What you will do →
Count the lines of the records below that hold the word "usata", and give only the number.

Stored data:
_ _ _ _
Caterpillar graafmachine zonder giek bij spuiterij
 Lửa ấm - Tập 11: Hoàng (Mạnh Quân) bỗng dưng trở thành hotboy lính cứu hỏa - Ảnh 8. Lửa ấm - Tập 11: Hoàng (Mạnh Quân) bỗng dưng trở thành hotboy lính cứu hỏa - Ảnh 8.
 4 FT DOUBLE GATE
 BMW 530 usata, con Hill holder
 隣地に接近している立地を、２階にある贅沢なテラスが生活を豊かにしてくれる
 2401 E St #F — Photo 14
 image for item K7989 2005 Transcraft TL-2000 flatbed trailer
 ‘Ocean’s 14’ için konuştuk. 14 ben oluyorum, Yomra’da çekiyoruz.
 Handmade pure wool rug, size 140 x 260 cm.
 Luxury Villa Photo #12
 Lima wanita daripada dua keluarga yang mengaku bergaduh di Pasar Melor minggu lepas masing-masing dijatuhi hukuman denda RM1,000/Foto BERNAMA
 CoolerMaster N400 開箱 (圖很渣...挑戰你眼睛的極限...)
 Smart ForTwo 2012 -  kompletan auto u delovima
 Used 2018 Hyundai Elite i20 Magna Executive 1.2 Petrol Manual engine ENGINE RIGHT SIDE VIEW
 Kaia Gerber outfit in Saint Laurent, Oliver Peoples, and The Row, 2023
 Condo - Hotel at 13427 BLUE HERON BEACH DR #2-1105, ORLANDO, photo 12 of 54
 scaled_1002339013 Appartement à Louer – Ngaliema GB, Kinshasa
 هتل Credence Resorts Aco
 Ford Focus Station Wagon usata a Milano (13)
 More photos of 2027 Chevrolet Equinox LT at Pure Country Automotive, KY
_ _ _ _
Output →
2